I was back up at the Beeld today and have a couple more observations to add to my original fieldnotes.
Temple Beeld Hill hardly lives up to its title however, it is slightly higher that the surrounding area and is surrounded by bogs to the west, north and east. The land to the south is very wet, the Beeld effectively forms an island, a dry refuge for the few hardy sheep that roam this part of the moor.
That said, the 'hill' is within a basin therefore the views, though extensive across the flat moors to the west and east, are limited as compared to the view from the nearby rising ground to the south of the Beeld.
Unusually for an area so rich in prehistoric remains, this site does not appear to share intervisibility with any of the nearby monuments. I was unable to spot any of the local barrows from the Beeld.
Regarding the possible cup marks on the central stone, I'd say almost definitely natural weathering processes at work here as opposed to the hand of man.

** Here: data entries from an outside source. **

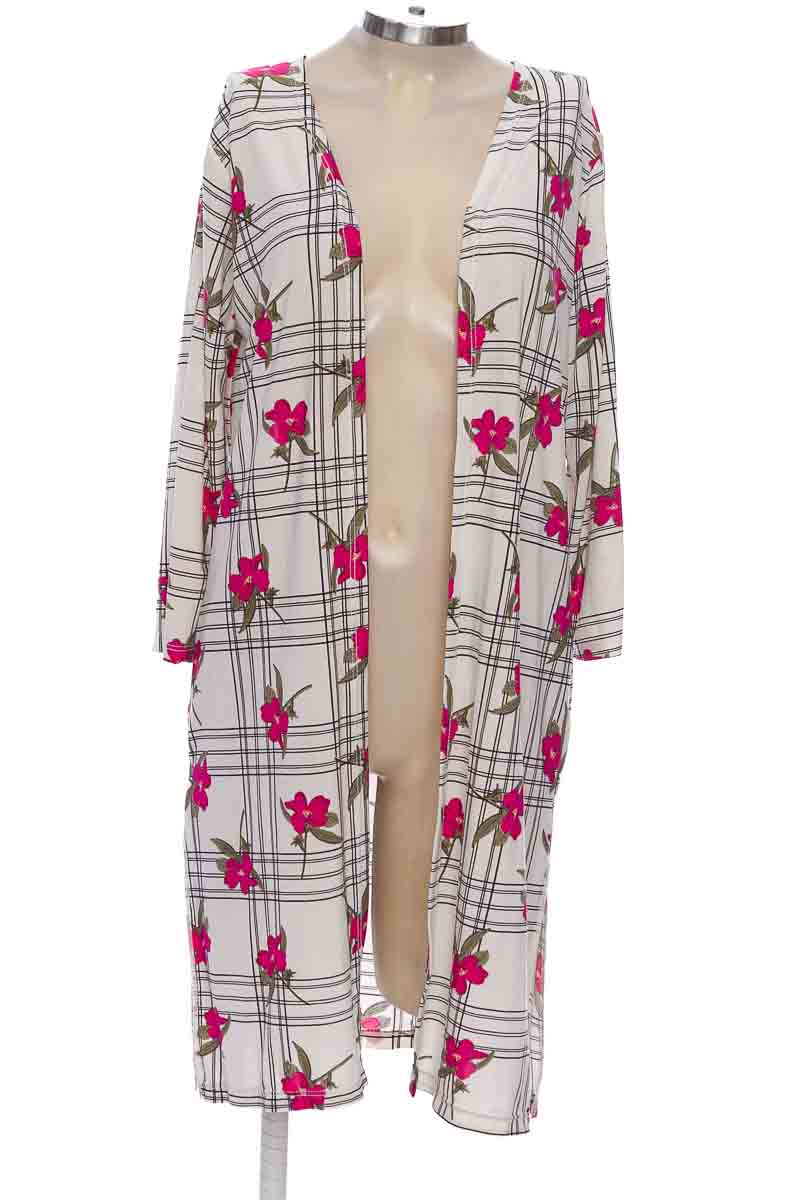 SWEATER COLOR BLANCO  CLOSEANDO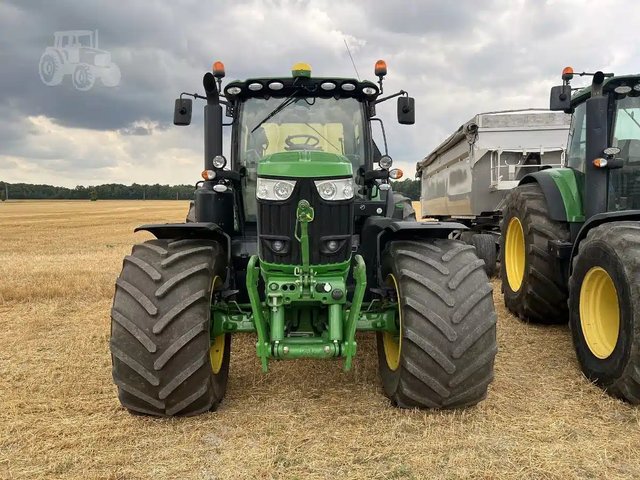2017 John Deere 6215R Tracteur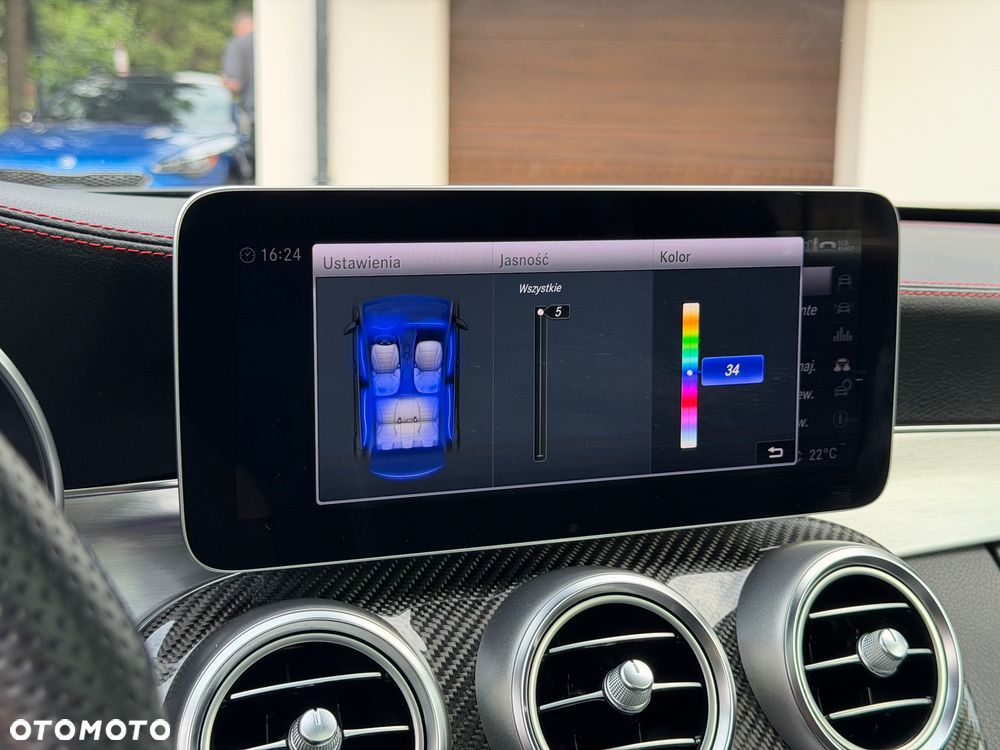 Mercedes-Benz Klasa C AMG 43 4Matic 9G-TRONIC - 36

Orientation of the stones;
The GPS stuff is
NZ 75725 10141 (accuracy 5m)
The easiest way to access this site is to take the back road from Danby to Lealholm that skirts Lealholm Moor and park somewhere close to the junction at NZ763087. If you are car-less you can walk from Lealholm station, it's not too far. If your mobility is restricted then this could be a tricky site to get to.
If you don't know the area I would advise that you take the footpath that continues from the metalled road and follow it onto Black Dike Moor. Temple Beeld is in the watershed of Black Dike Slack and once you are in the area shouldn't be too hard to spot.
The site itself is impressive from a distance and is basically a large, dry stone cross aligned loosely to the cardinal points. It's purpose is to shelter sheep but Temple Beeld is no ordinary sheep fold.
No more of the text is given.